BRIEF
Please restate each line of the data that follows word for word, skipping any image.

DATA EXTRACT
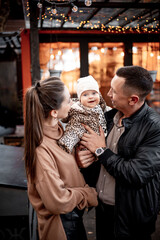 a young family with a small child in autumn in a cafe in brown and orange tones on an outdoor terrace hug and kiss, a happy family walks outside in autumn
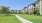 outdoor sidewalk with grass and buildings surrounding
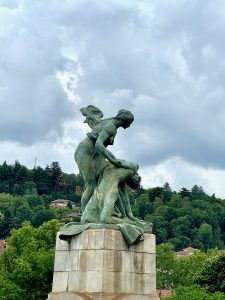  A bronze statue depicting a dynamic scene of two intertwined figures, one appearing to support or rescue the other, mounted on a stone pedestal. This statue is located on Umberto Bridge in Torino, Italy. The background features lush green trees and hillside houses under a cloudy sky.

RESULT
 a young family with a small child in autumn in a cafe in brown and orange tones on an outdoor terrace hug and kiss, a happy family walks outside in autumn
 outdoor sidewalk with grass and buildings surrounding
  A bronze statue depicting a dynamic scene of two intertwined figures, one appearing to support or rescue the other, mounted on a stone pedestal. This statue is located on Umberto Bridge in Torino, Italy. The background features lush green trees and hillside houses under a cloudy sky.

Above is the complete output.